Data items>
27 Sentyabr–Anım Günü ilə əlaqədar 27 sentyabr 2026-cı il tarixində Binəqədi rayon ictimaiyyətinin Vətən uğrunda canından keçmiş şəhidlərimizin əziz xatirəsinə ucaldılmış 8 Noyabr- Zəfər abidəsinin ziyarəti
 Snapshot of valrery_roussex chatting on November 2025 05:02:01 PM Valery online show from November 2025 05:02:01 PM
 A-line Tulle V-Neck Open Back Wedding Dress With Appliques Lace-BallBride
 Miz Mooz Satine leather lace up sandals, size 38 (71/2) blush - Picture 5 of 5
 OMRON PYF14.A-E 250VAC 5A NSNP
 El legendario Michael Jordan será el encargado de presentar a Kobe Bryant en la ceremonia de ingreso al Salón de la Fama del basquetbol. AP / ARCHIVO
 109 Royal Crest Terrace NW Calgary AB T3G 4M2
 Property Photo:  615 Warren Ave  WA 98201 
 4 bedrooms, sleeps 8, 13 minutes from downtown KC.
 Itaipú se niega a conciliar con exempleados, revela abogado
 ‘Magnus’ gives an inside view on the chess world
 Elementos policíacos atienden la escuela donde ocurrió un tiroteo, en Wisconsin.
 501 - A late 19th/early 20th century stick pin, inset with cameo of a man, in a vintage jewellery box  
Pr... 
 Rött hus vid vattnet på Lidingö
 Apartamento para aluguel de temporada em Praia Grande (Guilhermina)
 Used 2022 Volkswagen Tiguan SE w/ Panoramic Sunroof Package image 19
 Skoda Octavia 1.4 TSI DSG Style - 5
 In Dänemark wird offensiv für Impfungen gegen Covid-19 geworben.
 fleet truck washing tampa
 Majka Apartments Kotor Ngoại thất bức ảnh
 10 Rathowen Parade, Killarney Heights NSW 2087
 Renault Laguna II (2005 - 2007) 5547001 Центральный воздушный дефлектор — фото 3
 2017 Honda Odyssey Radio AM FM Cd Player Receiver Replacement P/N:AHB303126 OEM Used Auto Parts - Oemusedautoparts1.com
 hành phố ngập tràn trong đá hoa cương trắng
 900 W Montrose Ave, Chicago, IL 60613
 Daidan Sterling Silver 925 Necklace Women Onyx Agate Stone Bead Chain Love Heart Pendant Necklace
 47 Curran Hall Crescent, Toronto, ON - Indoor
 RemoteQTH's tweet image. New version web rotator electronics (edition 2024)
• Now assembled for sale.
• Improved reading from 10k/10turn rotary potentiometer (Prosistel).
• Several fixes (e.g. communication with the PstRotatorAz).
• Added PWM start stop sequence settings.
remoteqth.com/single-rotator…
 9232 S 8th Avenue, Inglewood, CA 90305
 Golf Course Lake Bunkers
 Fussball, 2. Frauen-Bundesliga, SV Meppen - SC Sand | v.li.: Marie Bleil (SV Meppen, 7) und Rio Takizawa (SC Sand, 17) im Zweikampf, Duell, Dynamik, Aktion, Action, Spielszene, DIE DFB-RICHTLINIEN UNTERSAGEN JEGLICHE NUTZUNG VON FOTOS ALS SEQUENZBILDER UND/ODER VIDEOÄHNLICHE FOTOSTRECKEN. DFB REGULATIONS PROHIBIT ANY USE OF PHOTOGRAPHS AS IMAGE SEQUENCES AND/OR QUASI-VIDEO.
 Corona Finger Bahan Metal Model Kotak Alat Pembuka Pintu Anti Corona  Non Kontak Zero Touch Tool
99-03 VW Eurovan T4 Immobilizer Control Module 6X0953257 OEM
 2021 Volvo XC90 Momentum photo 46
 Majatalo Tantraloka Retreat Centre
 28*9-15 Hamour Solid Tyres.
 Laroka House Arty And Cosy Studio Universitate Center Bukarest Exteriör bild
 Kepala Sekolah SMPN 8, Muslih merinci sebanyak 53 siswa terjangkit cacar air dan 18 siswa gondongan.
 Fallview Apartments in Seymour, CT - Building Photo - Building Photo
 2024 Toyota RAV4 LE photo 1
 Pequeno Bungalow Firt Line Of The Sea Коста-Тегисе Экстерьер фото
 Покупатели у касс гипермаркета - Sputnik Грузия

Problem to work on>
Word for word, restate the lines running from the one containing "Corona Finger Bahan" through the final line of the records above, and nothing besides.

Answer box>
 Corona Finger Bahan Metal Model Kotak Alat Pembuka Pintu Anti Corona  Non Kontak Zero Touch Tool
99-03 VW Eurovan T4 Immobilizer Control Module 6X0953257 OEM
 2021 Volvo XC90 Momentum photo 46
 Majatalo Tantraloka Retreat Centre
 28*9-15 Hamour Solid Tyres.
 Laroka House Arty And Cosy Studio Universitate Center Bukarest Exteriör bild
 Kepala Sekolah SMPN 8, Muslih merinci sebanyak 53 siswa terjangkit cacar air dan 18 siswa gondongan.
 Fallview Apartments in Seymour, CT - Building Photo - Building Photo
 2024 Toyota RAV4 LE photo 1
 Pequeno Bungalow Firt Line Of The Sea Коста-Тегисе Экстерьер фото
 Покупатели у касс гипермаркета - Sputnik Грузия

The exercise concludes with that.